Anti-establishment science pacifism and the military industrial complex
Beginning with the series format and briefly examining the legacy of the series enables us to understand the roots that informed this development of Doctor Who in 1970. One of those developments is with the role of the Doctor. The Doctor as ‘establishment’ figure was originally showcased in The War Machines and both the Hartnell and Troughton Doctors were seen collaborating with high-ranking officials, scientists and most importantly, the military, and then later a United Nations paramilitary offshoot called U.N.I.T. In this respect, if we are talking about the series roots, the anti-establishment Doctor, as played by Pertwee, who finds himself having to work alongside his more bureaucratic colleagues is very much in the mould of Nigel Kneale’s Professor Bernard Quatermass.
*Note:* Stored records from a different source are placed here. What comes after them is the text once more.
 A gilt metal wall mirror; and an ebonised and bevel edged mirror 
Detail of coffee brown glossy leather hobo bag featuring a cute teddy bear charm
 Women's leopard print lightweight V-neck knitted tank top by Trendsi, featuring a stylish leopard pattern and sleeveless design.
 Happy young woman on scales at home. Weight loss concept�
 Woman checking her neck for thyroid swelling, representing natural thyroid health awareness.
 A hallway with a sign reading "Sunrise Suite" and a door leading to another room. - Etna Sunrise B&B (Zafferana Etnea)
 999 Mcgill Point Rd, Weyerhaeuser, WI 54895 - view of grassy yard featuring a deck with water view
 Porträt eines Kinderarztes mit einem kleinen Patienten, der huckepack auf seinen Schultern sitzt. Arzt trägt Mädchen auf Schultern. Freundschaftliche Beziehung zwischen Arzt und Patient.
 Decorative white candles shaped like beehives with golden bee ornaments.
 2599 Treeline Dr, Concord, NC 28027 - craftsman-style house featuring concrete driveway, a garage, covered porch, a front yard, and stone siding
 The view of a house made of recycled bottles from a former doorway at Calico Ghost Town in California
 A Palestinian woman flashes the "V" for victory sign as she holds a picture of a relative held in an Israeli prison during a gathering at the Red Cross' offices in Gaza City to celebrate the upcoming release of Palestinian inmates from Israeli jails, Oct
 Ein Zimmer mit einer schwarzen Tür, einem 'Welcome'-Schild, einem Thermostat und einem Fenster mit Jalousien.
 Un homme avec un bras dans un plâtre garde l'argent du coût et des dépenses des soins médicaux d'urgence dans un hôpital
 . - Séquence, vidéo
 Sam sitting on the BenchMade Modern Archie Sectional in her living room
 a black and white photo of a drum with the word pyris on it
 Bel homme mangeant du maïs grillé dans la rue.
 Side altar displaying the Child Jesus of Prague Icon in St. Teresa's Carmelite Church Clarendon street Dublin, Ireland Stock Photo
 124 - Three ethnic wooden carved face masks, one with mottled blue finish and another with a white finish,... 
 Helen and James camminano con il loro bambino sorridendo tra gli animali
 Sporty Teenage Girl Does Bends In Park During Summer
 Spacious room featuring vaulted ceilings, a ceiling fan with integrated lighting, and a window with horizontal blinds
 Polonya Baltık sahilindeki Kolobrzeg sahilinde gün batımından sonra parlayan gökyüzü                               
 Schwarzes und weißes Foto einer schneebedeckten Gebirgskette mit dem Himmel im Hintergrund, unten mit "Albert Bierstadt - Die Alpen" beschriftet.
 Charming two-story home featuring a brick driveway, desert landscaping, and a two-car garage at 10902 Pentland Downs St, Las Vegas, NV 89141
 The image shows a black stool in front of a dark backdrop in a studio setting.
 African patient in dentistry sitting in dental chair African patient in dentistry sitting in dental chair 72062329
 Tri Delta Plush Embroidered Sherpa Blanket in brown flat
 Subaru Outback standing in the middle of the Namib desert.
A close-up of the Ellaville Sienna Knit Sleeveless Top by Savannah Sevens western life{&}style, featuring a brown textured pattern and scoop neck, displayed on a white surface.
And Quatermass’ completely earthbound activities should be considered a major template for the series as it emerged in 1970. The series was also in production at the same time as Doomwatch a Kit Pedler and Gerry Davis conceived series that told the exploits of a government department that examined environmental, industrial and biological hazards and disasters. Its leader, Spencer Quist, might also be considered as a similar outsider figure trying to change minds at the ministry. The two series often dovetailed thematically at the time too, sharing their concerns about scientific research, new forms of energy and the impact on the environment as well as embracing a sense of ‘realism’ in the way it depicted such matters.